Are you new to options trading? Do you have a small account and want to start trading iron condors and iron butterflies? Today's podcast is essential as we help you understand how to calculate break-even prices the correct way on iron condors and other risk defined strategies. Plus, we'll walk through a multi-month adjustment to an existing IWM iron butterfly in which we nearly doubled the credit received by rolling contracts to the next expiration period.
Iron Condors
- Iron condors are a simple options strategy where you sell a spread on either side of the market.
- If the stock is trading at $100, you might sell the $105 call option and buy the $106 call option. This creates a $1-wide call spread above the market.
- If the stock is trading at $100, you might also sell the $95 strike put option and buy the $94 strike put option creating a $1-wide spread below the market.

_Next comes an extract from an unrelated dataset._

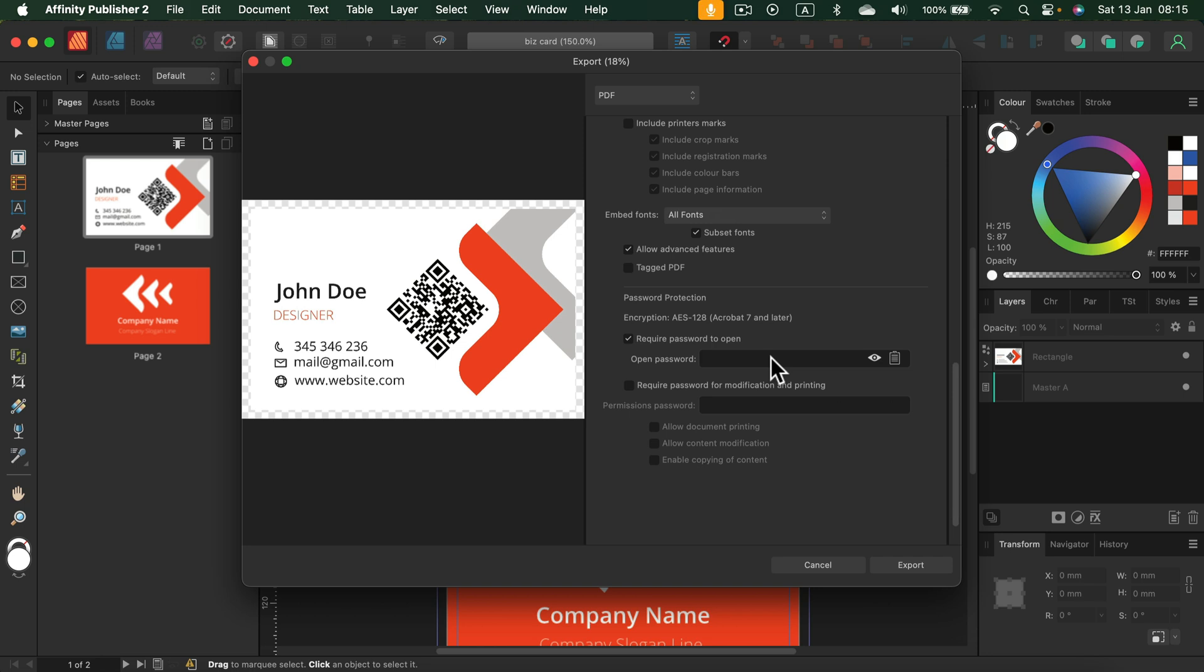There's also an option to set the password for modification and printing. So you may send the document. Everybody can open it, but when they try to print it out, they need to put the password, and that can be really handy.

- The combination of two spreads on either side of the market creates the iron condor payoff diagram.
- Generally, you want to see the stock stay between your two short strike prices.

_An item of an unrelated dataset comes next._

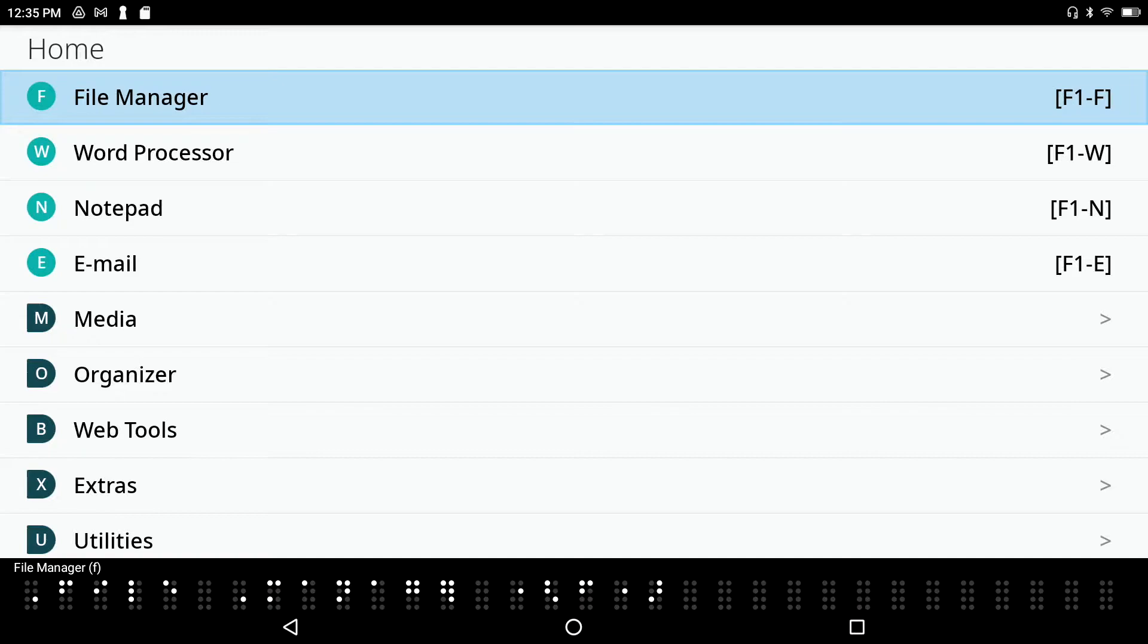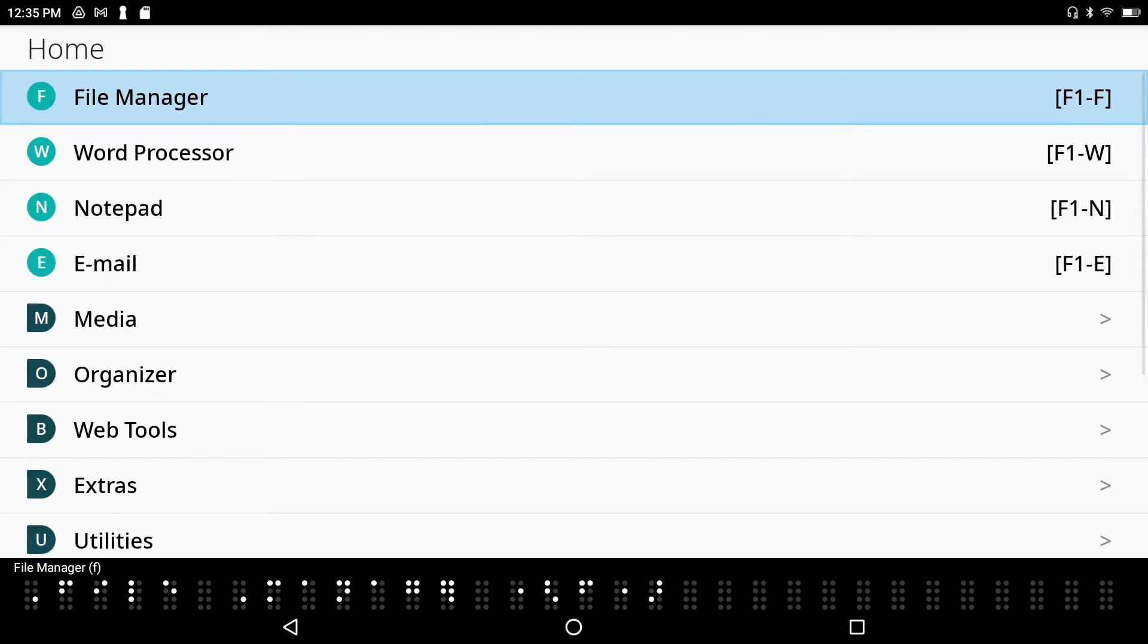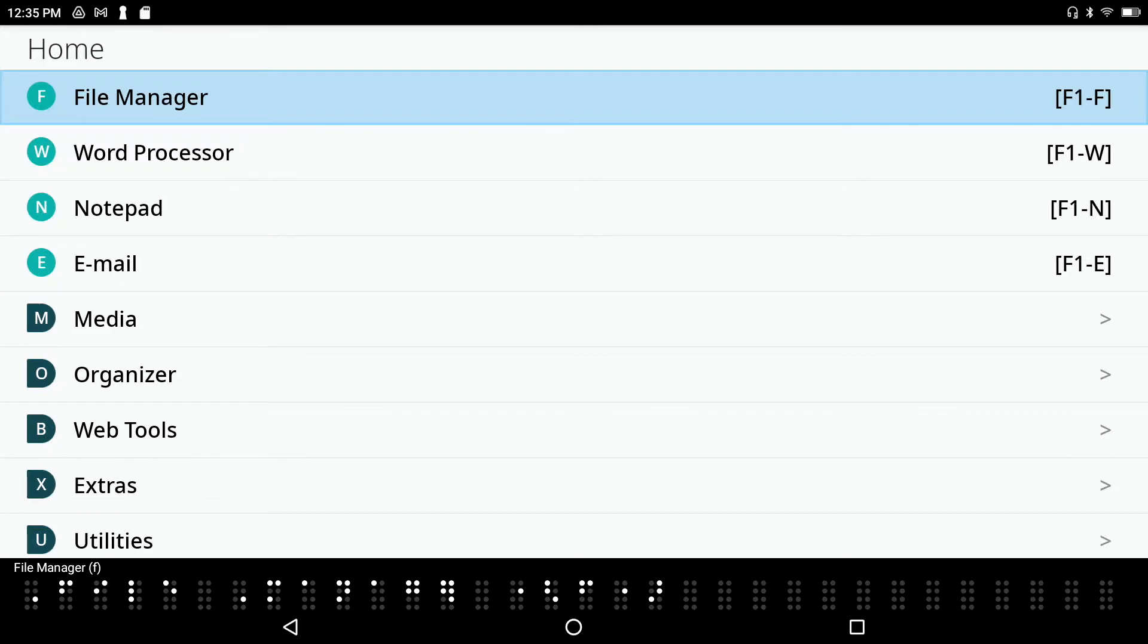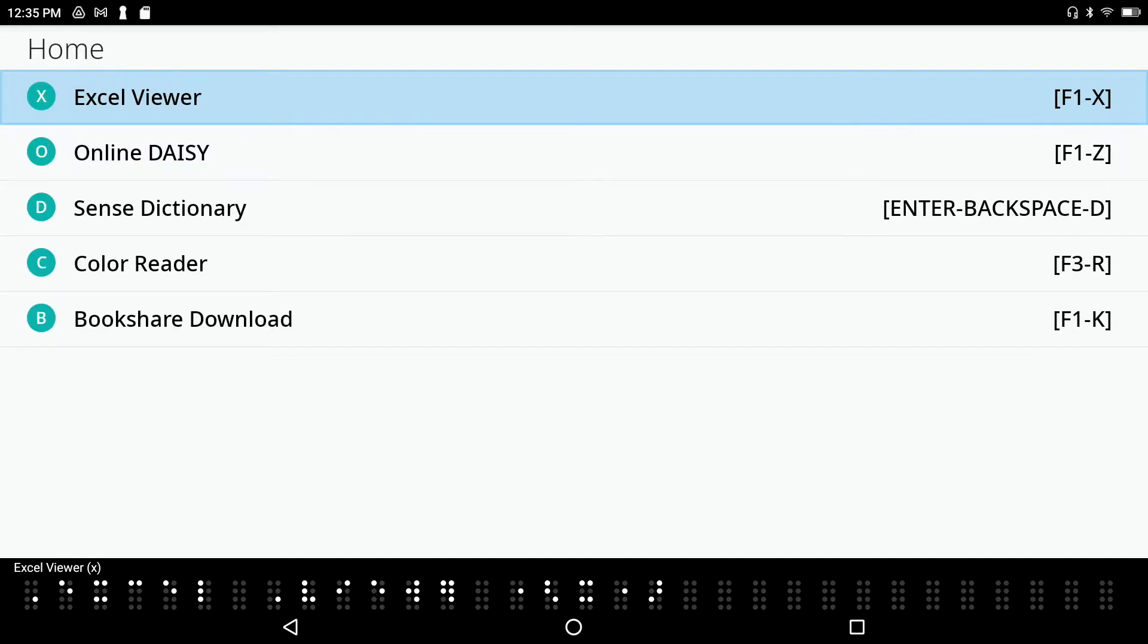is found within the Extras menu. From the main menu, I'll press F1 File Manager to confirm that I am on the first item. I can press space dot 4 to down arrow through the menu system and space dot 1 to up arrow, or I can just press the letter X for Extras. The shortcut key for the Bookshare app is simply the letter B, so I'll just go ahead and press that now.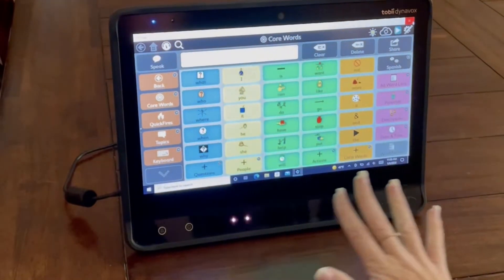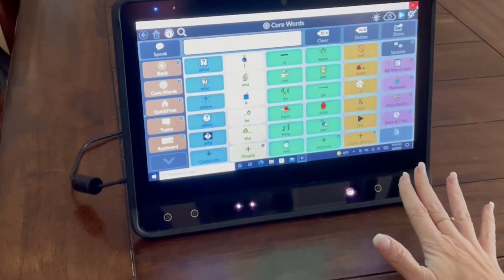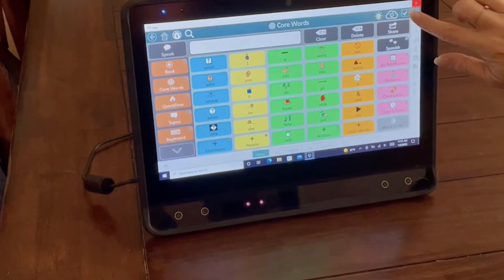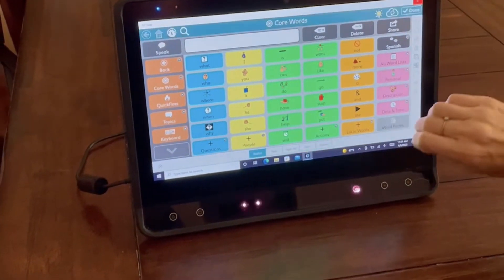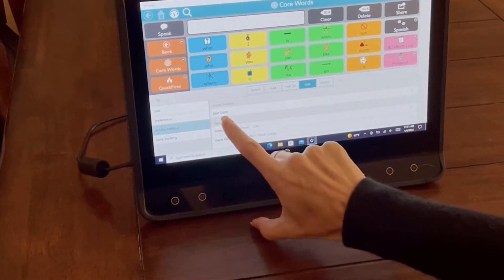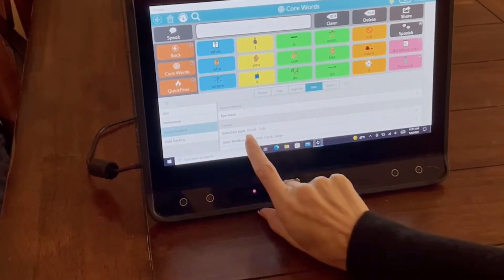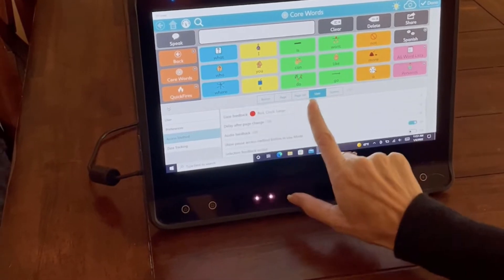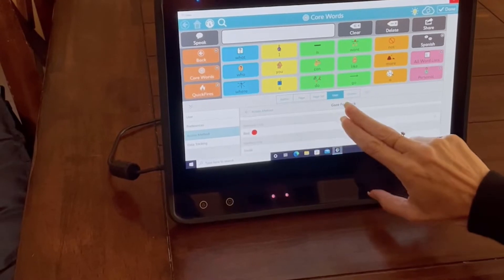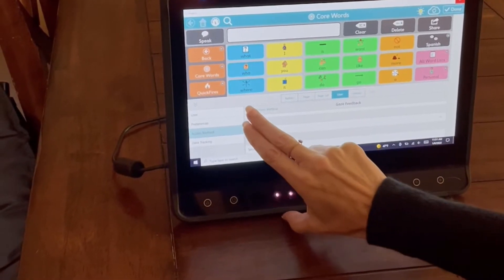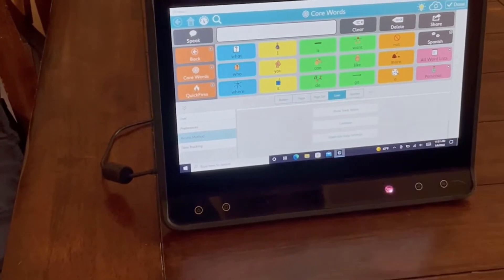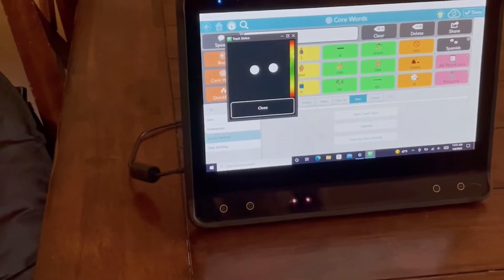This is the Tobii Dynavox with Snap Core. If you go into the settings, then the user and the access method, you can set it to eye gaze, set your dwell time, and choose what kind of feedback you want — it can be a shrinking dot, a clock, or in the color you want.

- If the stock stays between your strike prices and ends between your prices at expiration, then you keep all the credit possible at the expiration.

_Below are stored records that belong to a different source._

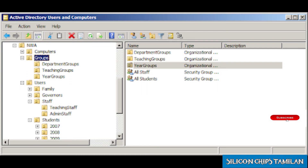The Organizational Unit is a logical container in Active Directory where you can store objects. For example, you can build separate OUs for different departments such as mechanical department and civil department.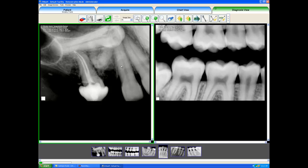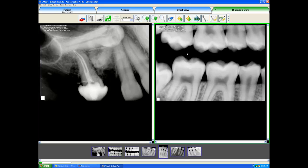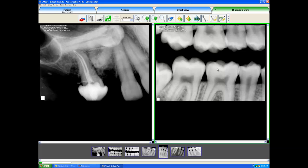We note the green border around this window showing that this is our active image. When I do image manipulations, we will be focusing on this image. To get to the other image, I just single left-click that, and then we can see that the green border goes around that image.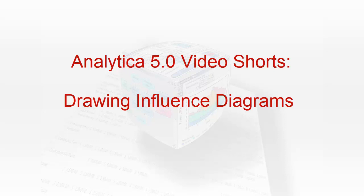Welcome to Analytica Video Shorts, short videos showcasing individual topics in Analytica 5.0. Your host today, Lonnie Chrisman.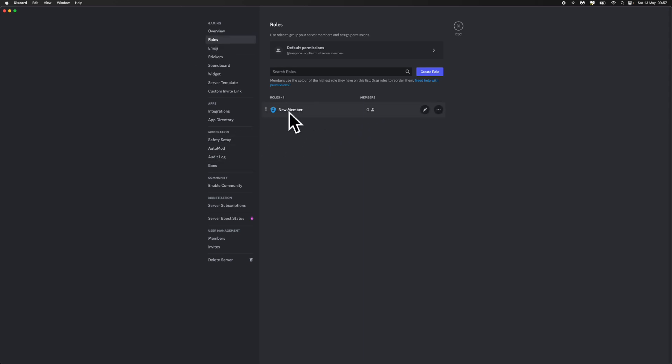As you can see, I've got a new role here that I want to change someone's role to. If I click on this I can go ahead and change it. If not, you can create a whole new role from this option right here.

What happens if the stock moves just a little bit beyond those strike prices?
- You don't lose automatically.
- This is where break-even prices come into play.
Example:
Using the same iron condor example, assume we sold the call spread for 25 cents (the $105-106 call spread) and sold the put spread for 25 cents. This gives you a total credit of 50 cents. This collective credit now moves your break-even point out 50 cents on either end from your short strikes. That means the true break-even points are now 105.50 on the call side and 94.50 on the put side, which is 50 cents wider than your short strike prices.
*The credit is always based on the addition (call side) and subtraction (put side) of the credit from the strike prices of the short strikes.
- Generally, the markets are pretty fair and efficient when it comes to pricing in these credits and break-evens.
- If you have a wider spread on either end of your Iron Condor, you are generally going to take in a larger net credit, which means your break-even points will be a little wider.
- Therefore, you will potentially have a wider profitability range for the position.
- For you to benefit from that wider range and, potentially, higher win-rate, you will have to take on a little more risk (in the form of the wider spread).
Iron Butterflies
- The same concept is true for Iron Butterflies as with Iron Condors, except now we're dealing with a much larger credit.
- With an Iron Butterfly, you are selling premium at-the-money on both the short call and the short put.
Example:
To create an Iron Butterfly strategy, if a stock is trading at $100, you would sell the $100 strike put and the $100 strike call. Then you would buy the same, $106 strike call and $94 strike put.
This will generally have a very similar probability of profit. Assume that you took in a net credit for the inside legs of the iron butterfly of $5.25. That $5.25 that you take in as a net credit for selling the at-the-money strikes moves your break-even point out $5.25 on either end ($100 + $5.25 = $105.25 upper break-even point and $100 - $5.25 = $94.75 lower break-even point). You get a very similar payoff diagram as far as break-even points, it's just the distribution of your profits are a little bit different.
- With an Iron Butterfly, you are taking in a much higher credit so that if the stock lands closer to where the stock is trading now (meaning it moves sideways), you make a lot more money than with an Iron Condor.